Grip Face is visual artist David Oliver’s alter ego.  

“Sandpaper head”-that's how his skateboarding fellows used to call him back in the early 2000s in La Palma. Like a significant number of artists belonging to the millennial generation, he initiated his visual and aesthetic education: rollerblading in the streets, reading comics, watching anime, listening to Anglo-Saxon music and thoroughly studying books, CDs, and fanzine covers. Under the auspices of the 1990s American underground wave, the graphics used by the Punk movement in the 1980s and the Asian naive art, Grip Face dived into the initiation rite of graffiti plastics as well as in its subsequent deconstruction; very early on, the insurrection of the media itself allowed him to understand art as a means to survive. Drawing and painting turned into weapons of mass destruction against the anxiety of the contemporary world. And thus began a multifaceted artistic career that would revolve mainly around constantly reexamining the very contemplation of his own pleiad. With this vocation to being an artist-engineer, Grip Face bridges the gap between contexts, elements, techniques, spaces and people. He draws part of his primal language, built mainly within the public sphere- represented by projects like Doors without destination and Black faces (published in 2016 in book format under the same title)- shifting it instead to private spaces like galleries of contemporary art through site-specific installations, sculptures, paintings or tapestries.
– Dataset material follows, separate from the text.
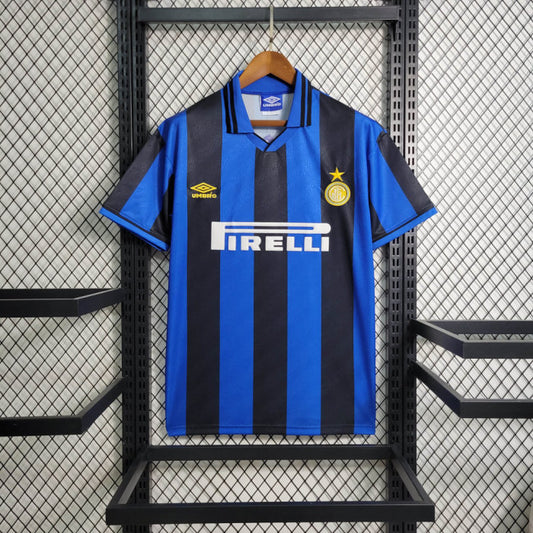 Inter Milan 1995-1996 Home Jersey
Projects like Not Rented to Humans or Black Rubbish is the Future reflect the angst and the distress incurred by being both actors and witnesses of our own home’s self-destruction. His sketchbooks, which he keeps with him since his teens, and which constitute the purest as well as the darkest side of his work, are a prelude to most of his finished works.
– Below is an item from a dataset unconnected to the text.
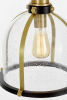 Подвесной светильник Lumina Deco Branson LDP 1229-250 BK+MD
Moving around with ease among the nooks seems to be an idiosyncratic quality of this visual artist, maybe because he always perceived himself as an outsider, never feeling quite comfortable with any tag whatsoever, while feeling equally anxious and always in the expectative when faced with the prospect of a society constantly in disguise. A society that seems irretrievably compelled to technological massification, communication through devices, to superficial relationships and the concealment of truth.  

Similar to a screen that repeats an “error” message in fivefold staggeringly overlapping windows, Grip Face’s painting provides a playful space full of layers within which one may dissect the concerns of an impatient generation, hungry for information- reliable or not- and to whom the internet landscape seems to be the best platform onto which one may learn the savoir-faire properly. His cloths are not familiar with the impatient indexes pommeling on the mouse’s left side; every layer of every piece of information is processed in a precise and meticulous way and the technique is never trivial.  
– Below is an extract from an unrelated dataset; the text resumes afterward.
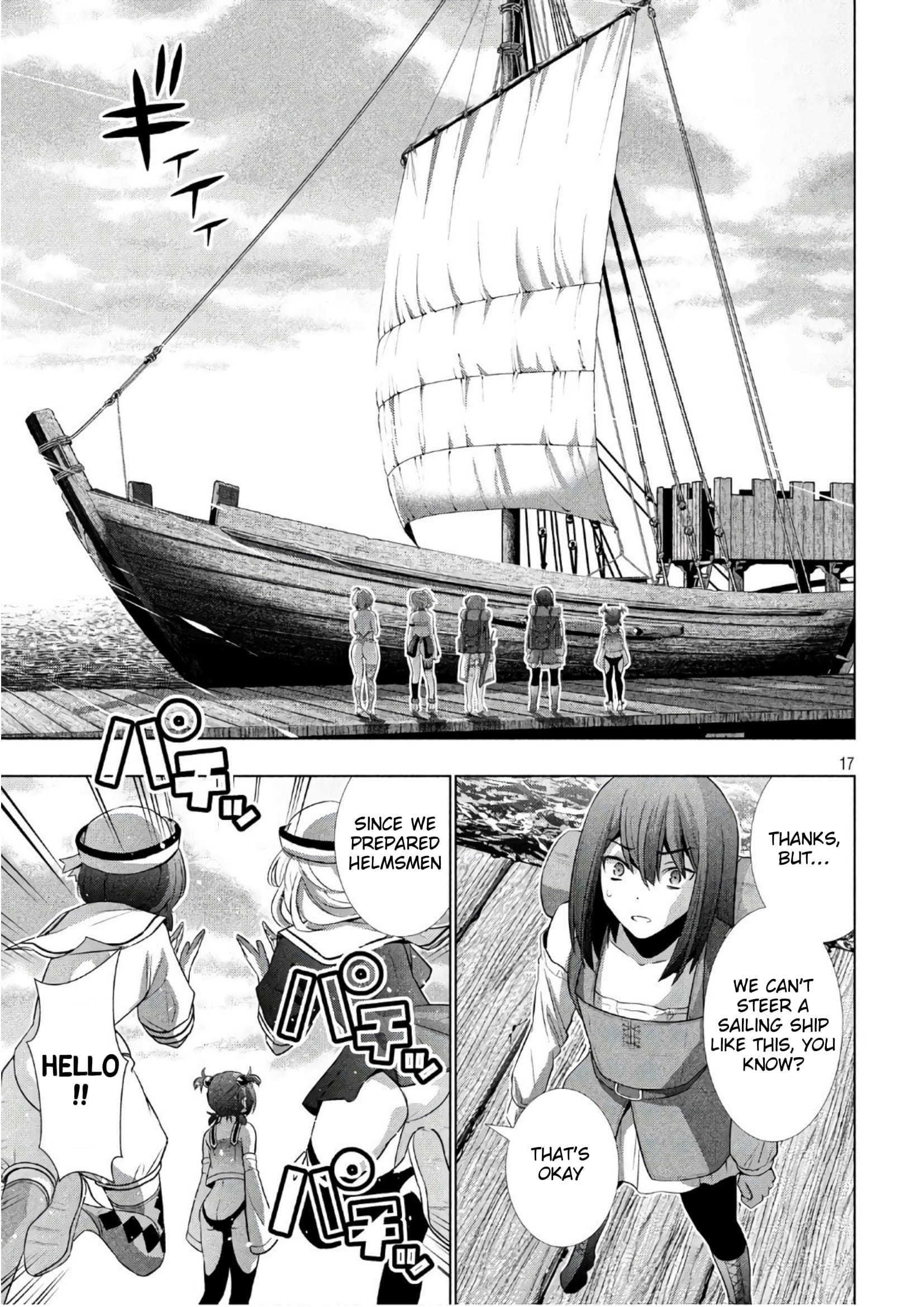Parallel Paradise Chapter 54 - Page 17 in English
Every layer is submitted to intervention, is crossed off or covered, thus shaping a meta-universe riddled with aesthetic references that are intrinsic to Generation Y (and to Generation Z, and, most probably to all future letters to come too for that matter) and implemented with a technical precision of its own, through which he learned to paint under the yoke of immediacy. They all belong to an endless series and an evolving exploration, both part of the author’s learning process crafting them. What’s meaningful to Grip Face is continuity, this inability to see the end product, and the uncertainty as to whether the painting will lead it. It’s about living the artistic expression the way we live in the world, transiently and in a doubtful present.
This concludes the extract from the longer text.